Then, studying yoga privately with Reed, she had a better idea.

Valitt pondered the Indian tenets embedded in the movements, which stress the values of mindfulness and of the "divine within us."

Then she had "an aha moment."

"That's Judaism," she recalls thinking to herself.

"A very important theme or concept in Judaism is to take care of the body, and that the body is sacred," she said. "We're always mindful of being in the present moment and bringing this divine energy into the world. [Torah Yoga] embodies the Jewish teaching so you experience Judaism in your body."

And so, she approached the yoga instructor with her idea. According to Reed, it was an easy sell.

"Although I'm not Jewish I've always been interested in the teachings of Judaism," said Reed. The yoga, she says, makes the instruction more concrete.

"It's actually really fun for me to figure out how to take the Torah and weave it in," she added.

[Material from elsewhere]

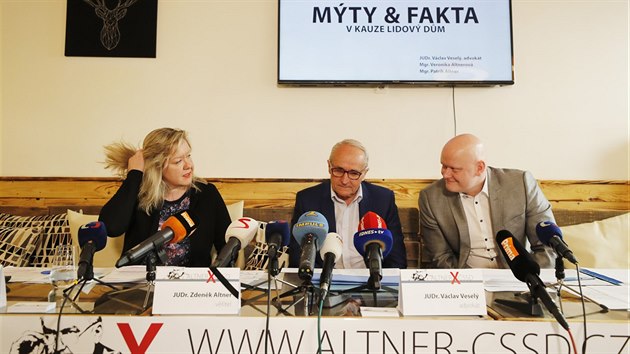 Patrik a Veronika Altnerovi na tiskové konferenci ke kauze Lidový dům a sporu s ČSSD. (18. června 2019)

Valitt eventually brought the concept to life by pairing Reed with Wisch, who is known in the local Jewish community thanks in part to her involvement with the Pioneer Valley Jewish Film Festival. Wisch, who lives in Northampton, works with the PJ Library, a project of the Harold Grinspoon Foundation, which aims to enhance Jewish life in western Massachusetts "and beyond." Funded chiefly by grants from the Grinspoon Foundation and Hadassah that amounted to $1,260, classes began in September. There is a $7 fee to attend.

The opening session happened in the same month as Rosh Hashanah.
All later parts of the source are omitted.